• **About this exercise**: Return exactly the lines that run from the one with "What David Ate - Day 592" to the last line of the entries below, both included, and nothing else.

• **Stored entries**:
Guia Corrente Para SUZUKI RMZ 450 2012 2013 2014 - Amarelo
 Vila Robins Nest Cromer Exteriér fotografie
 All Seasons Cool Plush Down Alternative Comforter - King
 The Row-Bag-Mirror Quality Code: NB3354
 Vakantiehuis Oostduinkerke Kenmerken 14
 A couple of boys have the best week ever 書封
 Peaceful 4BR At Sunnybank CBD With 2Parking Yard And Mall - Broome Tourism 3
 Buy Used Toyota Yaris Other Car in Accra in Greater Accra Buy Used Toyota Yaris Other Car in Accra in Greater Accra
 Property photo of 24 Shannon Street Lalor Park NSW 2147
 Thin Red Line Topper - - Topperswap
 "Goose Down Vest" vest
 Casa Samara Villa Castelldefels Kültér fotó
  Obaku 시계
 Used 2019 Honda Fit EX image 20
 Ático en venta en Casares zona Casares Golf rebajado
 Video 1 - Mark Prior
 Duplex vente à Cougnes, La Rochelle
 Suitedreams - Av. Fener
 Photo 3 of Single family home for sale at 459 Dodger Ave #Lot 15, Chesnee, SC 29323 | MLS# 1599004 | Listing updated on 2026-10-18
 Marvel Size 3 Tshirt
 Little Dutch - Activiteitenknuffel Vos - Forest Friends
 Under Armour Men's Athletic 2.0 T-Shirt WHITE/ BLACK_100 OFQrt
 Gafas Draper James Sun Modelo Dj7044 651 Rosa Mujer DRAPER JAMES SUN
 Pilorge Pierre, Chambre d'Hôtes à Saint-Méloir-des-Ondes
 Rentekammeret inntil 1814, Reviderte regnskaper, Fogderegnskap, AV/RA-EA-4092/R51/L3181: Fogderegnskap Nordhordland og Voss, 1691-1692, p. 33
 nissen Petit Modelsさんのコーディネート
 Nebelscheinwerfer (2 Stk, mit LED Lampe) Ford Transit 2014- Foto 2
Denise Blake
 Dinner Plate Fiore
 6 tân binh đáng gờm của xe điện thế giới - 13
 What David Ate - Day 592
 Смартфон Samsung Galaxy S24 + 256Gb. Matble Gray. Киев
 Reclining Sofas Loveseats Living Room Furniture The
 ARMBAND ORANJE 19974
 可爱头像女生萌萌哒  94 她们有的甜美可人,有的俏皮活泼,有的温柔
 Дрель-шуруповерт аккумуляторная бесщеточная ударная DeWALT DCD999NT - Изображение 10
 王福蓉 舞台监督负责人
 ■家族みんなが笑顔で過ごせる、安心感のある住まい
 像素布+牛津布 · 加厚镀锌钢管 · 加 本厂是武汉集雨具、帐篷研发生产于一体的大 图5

• **Output for this task**:
 What David Ate - Day 592
 Смартфон Samsung Galaxy S24 + 256Gb. Matble Gray. Киев
 Reclining Sofas Loveseats Living Room Furniture The
 ARMBAND ORANJE 19974
 可爱头像女生萌萌哒  94 她们有的甜美可人,有的俏皮活泼,有的温柔
 Дрель-шуруповерт аккумуляторная бесщеточная ударная DeWALT DCD999NT - Изображение 10
 王福蓉 舞台监督负责人
 ■家族みんなが笑顔で過ごせる、安心感のある住まい
 像素布+牛津布 · 加厚镀锌钢管 · 加 本厂是武汉集雨具、帐篷研发生产于一体的大 图5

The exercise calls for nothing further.